3 things to know about staging crimes:
- Most common ways people stage homicide crime scenes:
- Make it appear to be an accident or a suicide.
- Make the crime look like a sex-related homicide.
- Set a fire to destroy evidence.
- Crime scenes may be staged for many reasons:
- Ad hoc staging, not premeditated, due to panic after the crime.
- To depersonalize the victim, or to pose the victim.
- Alteration by people other than the perpetrator (e.g., a family member) to cover a naked body, to remove the murder weapon, etc.
- Red flag indicators of staging:
- Items are removed or damaged to make it look like a burglary.
- Fatal assault on the victim while another person, present at the time of the crime, seems to be relatively unharmed.

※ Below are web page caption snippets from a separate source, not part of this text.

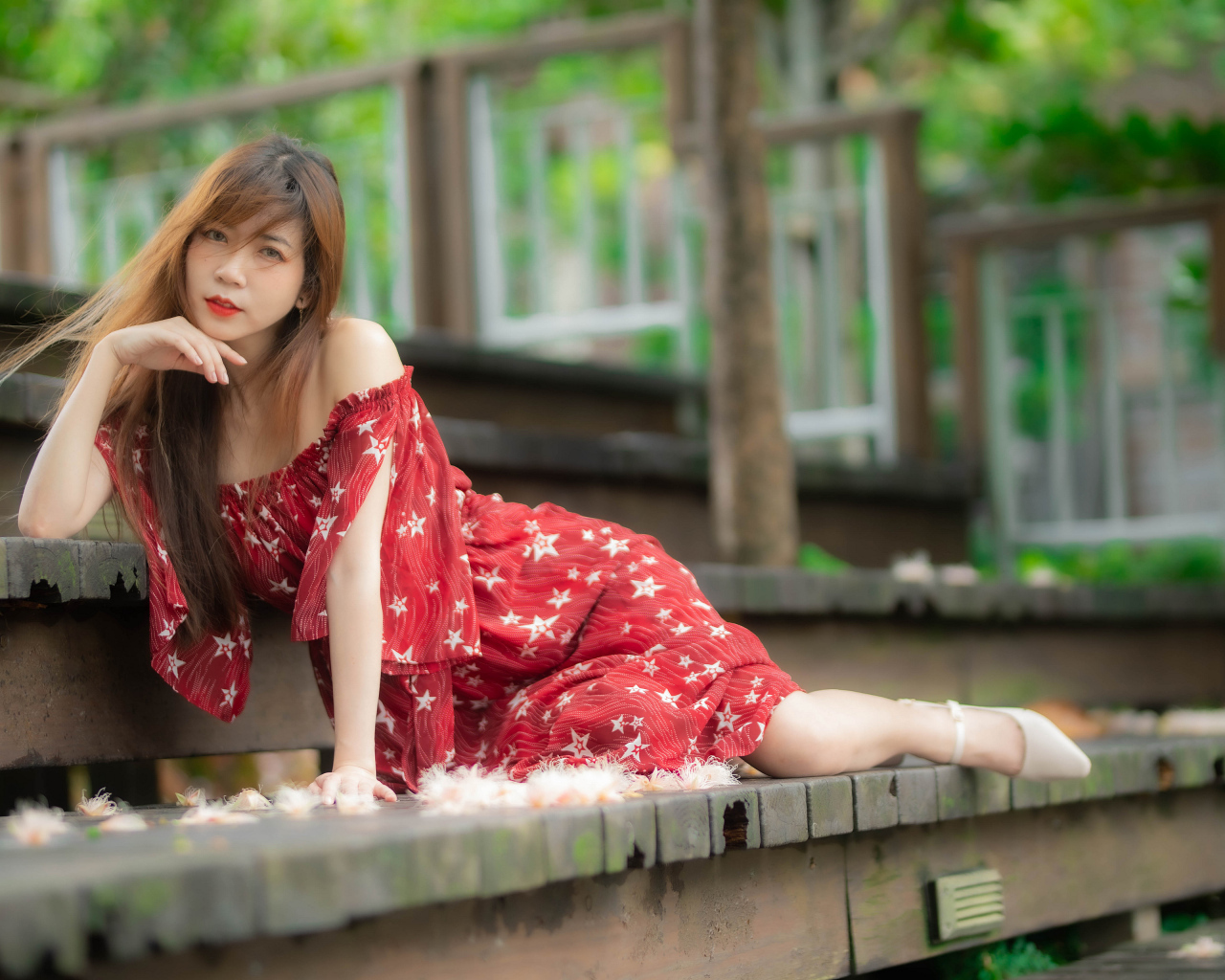 Девушка азиатка лежит на ступеньках в красном платье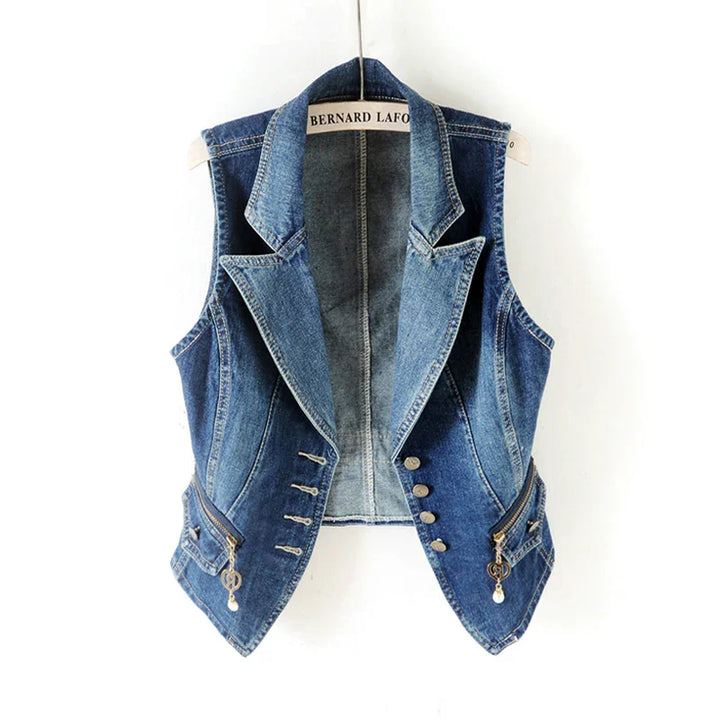 Blue denim sleeveless vest with lapel collar, zipper pockets, and metal buttons on hanger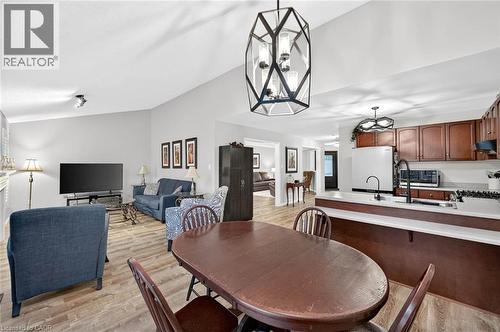 Vaulted ceilings, wood-finish flooring, kitchen with dark wood cabinetry and light countertops, modern geometric pendant lighting, and recessed living room lighting - 43 Liam Drive, Ancaster, ON - Indoor Photo Showing Dining Room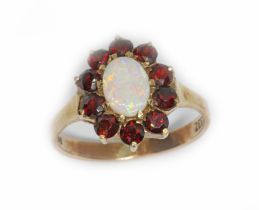 An opal and garnet cluster ring, marked 'ZEETA' and '9ct', gross weight 2.8g, size M. Condition -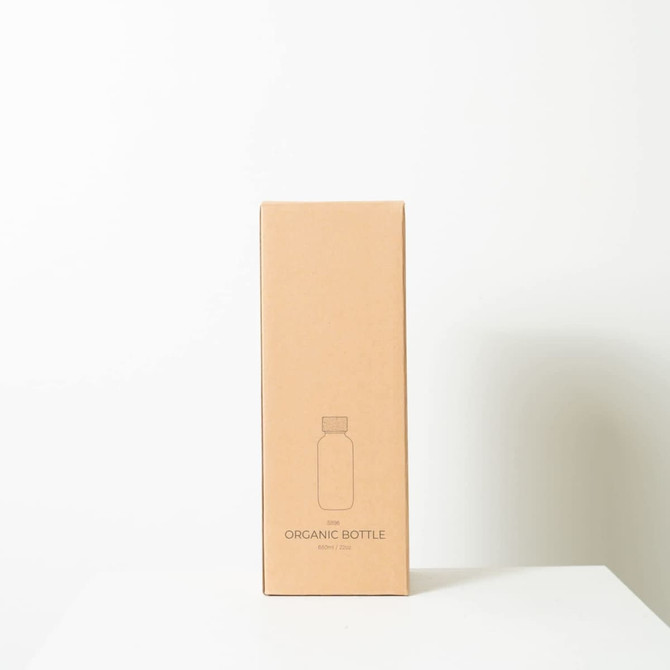 A drink bottle in a simple brown box, featuring a minimalistic design with a logo. The bottle is 650ml.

- Offender arranges for a third party to discover the body.
- Forensic findings are inconsistent with what the witness says happened: blood stain patterns, damage to property or things, etc.
- Exaggeration of the crime scene
Final interesting facts:
- About 77% of wrongful convictions have witness misidentification as a factor.
- Smell is a stronger sense than eyesight.
- The DEA comes up with standards for testing new drugs, then shares them with other agencies. New drugs appear frequently.
- Based on Brady v. Maryland, California state law requires the prosecution to disclose any exculpatory evidence to the defense. If they don’t, they can go to prison for serious Brady violations.
- An order of exhumation can take up to a year.
- Blisters can form after death in a body burnt by fire.
- The best way to get a body out of a hotel is to stuff it into luggage because nobody is likely to notice.
- Collect more samples than you think you need. You don’t need to run them all, but if you didn’t collect it, you can’t run it later.
- About 50% saturation of carbon monoxide is lethal.
In addition to learning all of the facts above at lectures, I heard many fascinating stories at the hospitality suite after the classes. Being immersed for a week with so many people who love what they do was humbling and made me feel honored to spend those few days with them. They make such an effort to speak for the dead, to make sure victims get a say, even after they’ve passed, and to make sure that, to the best of their ability, justice is served.